Moz is a suite of user-friendly inbound marketing tools. Below are my favorite free Moz tools:
- Open Site Explorer is a backlink analysis tool with helpful metrics approximating link equity.
- Followerwonk shows data on Twitter.
- Moz Local (formerly Get Listed) lets you see the state of a company’s local citations and is the first place you should go when you first start local SEO on a site.
- Mozbar is a browser toolbar that lets you quickly get at Moz’s key features for the page you’re on.

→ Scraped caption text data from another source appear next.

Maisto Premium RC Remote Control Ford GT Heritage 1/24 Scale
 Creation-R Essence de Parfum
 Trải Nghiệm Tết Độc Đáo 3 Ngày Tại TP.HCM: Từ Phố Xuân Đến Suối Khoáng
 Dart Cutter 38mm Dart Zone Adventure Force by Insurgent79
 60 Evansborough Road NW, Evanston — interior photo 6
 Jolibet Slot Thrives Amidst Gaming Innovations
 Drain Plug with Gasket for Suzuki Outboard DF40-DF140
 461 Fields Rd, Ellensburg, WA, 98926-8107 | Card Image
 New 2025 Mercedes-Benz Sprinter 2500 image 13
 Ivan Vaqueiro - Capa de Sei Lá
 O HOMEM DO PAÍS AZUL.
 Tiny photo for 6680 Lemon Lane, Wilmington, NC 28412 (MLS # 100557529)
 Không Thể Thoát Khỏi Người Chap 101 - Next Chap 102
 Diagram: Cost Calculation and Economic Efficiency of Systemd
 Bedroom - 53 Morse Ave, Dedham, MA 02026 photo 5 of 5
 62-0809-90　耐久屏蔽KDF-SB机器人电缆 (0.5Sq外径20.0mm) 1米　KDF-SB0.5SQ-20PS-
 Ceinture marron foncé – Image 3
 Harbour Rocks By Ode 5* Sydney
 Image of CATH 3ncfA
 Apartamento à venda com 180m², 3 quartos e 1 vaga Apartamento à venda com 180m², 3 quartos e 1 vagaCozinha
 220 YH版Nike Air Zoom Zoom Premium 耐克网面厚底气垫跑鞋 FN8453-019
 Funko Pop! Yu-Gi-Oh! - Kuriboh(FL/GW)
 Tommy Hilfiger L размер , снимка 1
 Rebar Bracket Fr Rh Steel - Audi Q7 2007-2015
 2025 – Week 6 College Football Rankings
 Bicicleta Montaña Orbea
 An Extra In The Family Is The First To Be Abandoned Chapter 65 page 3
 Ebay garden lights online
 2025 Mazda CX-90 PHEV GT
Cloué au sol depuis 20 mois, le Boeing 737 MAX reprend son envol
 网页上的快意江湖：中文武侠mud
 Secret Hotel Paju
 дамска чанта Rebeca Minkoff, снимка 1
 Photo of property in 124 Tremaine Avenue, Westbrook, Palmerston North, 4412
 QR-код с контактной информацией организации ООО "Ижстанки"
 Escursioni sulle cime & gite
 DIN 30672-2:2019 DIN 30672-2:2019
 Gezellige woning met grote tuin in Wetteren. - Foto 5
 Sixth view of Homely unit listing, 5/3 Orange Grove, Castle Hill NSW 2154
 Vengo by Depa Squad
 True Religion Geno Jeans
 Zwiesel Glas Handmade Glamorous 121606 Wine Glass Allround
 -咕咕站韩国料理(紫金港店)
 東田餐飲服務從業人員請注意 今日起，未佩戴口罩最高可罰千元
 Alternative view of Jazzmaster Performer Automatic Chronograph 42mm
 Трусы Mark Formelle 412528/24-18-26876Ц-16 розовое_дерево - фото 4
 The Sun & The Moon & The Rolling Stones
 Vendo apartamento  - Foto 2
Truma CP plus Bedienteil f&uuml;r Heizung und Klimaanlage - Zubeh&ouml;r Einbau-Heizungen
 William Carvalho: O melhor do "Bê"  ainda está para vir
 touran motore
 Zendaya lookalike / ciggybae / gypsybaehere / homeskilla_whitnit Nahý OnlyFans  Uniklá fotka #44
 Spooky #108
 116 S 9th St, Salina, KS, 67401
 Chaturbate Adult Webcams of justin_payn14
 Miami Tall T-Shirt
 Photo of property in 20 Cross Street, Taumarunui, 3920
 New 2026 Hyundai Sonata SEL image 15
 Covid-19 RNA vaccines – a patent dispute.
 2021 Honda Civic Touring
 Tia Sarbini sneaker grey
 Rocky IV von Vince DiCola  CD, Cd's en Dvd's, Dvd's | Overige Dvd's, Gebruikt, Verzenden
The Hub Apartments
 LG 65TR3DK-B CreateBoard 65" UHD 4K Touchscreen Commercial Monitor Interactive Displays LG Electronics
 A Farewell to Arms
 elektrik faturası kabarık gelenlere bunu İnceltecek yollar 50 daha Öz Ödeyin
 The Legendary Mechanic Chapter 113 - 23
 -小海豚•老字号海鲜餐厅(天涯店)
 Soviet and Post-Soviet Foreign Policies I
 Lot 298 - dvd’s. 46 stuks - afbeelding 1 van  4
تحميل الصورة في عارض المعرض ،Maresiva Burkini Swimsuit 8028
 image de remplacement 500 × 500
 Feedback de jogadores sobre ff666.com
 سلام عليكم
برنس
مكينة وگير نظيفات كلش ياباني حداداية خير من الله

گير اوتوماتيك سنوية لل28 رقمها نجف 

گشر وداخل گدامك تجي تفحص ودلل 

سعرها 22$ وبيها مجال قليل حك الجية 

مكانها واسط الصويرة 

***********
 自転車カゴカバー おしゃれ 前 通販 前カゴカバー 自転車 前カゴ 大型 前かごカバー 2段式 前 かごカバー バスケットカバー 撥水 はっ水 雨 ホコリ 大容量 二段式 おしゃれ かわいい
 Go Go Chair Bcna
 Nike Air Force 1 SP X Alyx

- The SERP Overlay (seen on the right) is part of the Mozbar and shows OSE metrics on individual search results.
Analogous to BWT (yet much richer), Google Search Console – formerly “Google Webmaster Tools” – provides data and configuration control for your site in Google. That’s a pretty big deal. For more, check out our extensive guide.
The most valuable SEO data is that which helps you understand your visitors and how they interact with your site. No tool I’ve used delivers that data like Google Analytics, and none of the tools I mentioned does a better job providing data that helps you understand the number that matters most – the bottom line.
Looks like I can’t count; here are a few more free tools I love using for SEO:
- BuiltWith is a lightweight, user-friendly Chrome plugin that will tell what technology a site uses (like cms, server, hosting, analytics, and more).
- CopyScape let’s you enter a URL and learn if there is duplicate content elsewhere on the web.
- Feedthebot has some tools worth checking out.
- Firebug is a Firefox extension for web dev and technical SEO to help you inspect elements of code, code mockups live into the browser, and more.
- Google Alerts and Talkwalker help you monitor the web for new mentions of your brand or highly desired keywords.
- SEMrush shows data on paid and organic traffic and keywords. It is accessible through the SEObook and SEOQuake Toolbars.
- sg.SerpStat.com is a keyword generator similar to Uber Suggest and keywordtool.io. It is not as thorough as those but is wicked fast and does a nifty job segmenting keywords into groups.
- SpyFu, like SEMrush, shows some data on paid and organic keywords and traffic.
- Jing is my go-to screen capture tool and is what I used for the screenshots in this post and every post.
- Notepad++ is a lightweight text editor on steroids and two-time winner of the SourceForge Community Choice Award for Best Developer Tool.
- Boomerang for Gmail helps me with e-mail management, reminders, client follow-ups, and scheduling outreach emails.
- Dropbox helps store and backup all the gigabytes I make and makes them easy to share.
- Google Drive (including Docs and Sheets) have been a boon to productivity.
- Excel is every search marketers friend. Wicked Excel skills are a search marketing superpower.